On February 4, 2025, Peacock canceled the series after one season.

===Casting===
In April 2023, it was announced Julie Bowen had been cast as the lead, Linda Campbell, the mother of a teenage outcast. Later that month, Emjay Anthony, Chiara Aurelia, Kezii Curtis, Nikki Hahn and Anna Camp had been added to the cast. In that same month, it was also reported that Bruce Campbell had joined the cast as Chief Dandridge.

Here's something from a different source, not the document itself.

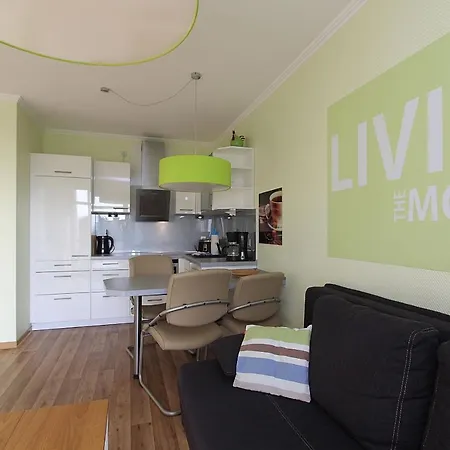 Terrasse, Gratis Nutzung Vom Ahoi Erlebnisbad Und Sauna In Sellin - Meeresblick 31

In February 2024, it was reported that Nolan North, Garret Dillahunt, Elijah Richardson, Milly Shapiro, Allison Scagliotti, and Jessica Treska had joined the cast as Gene, The Reverend, Cliff, Ingrid, Officer Olsen, and Judith, respectively.

==Release==
The series premiered on October 18, 2024, on Peacock, and consists of eight episodes. The first episode also aired on Syfy and USA Network the same day, with subsequent episodes continuing to air on USA Network each week.

==Reception==
===Critical response===
The review aggregator website Rotten Tomatoes reported an 91% approval rating with an average rating of 7.0/10, based on 23 critic reviews. The website's consensus reads: "Freaky in both scares and style, Hysteria! will be a raucous good time for viewers who like their horror programming to have a sense of humor." Metacritic, which uses a weighted average, assigned a score of 62 out of 100 based on 7 critics, indicating "generally favorable reviews".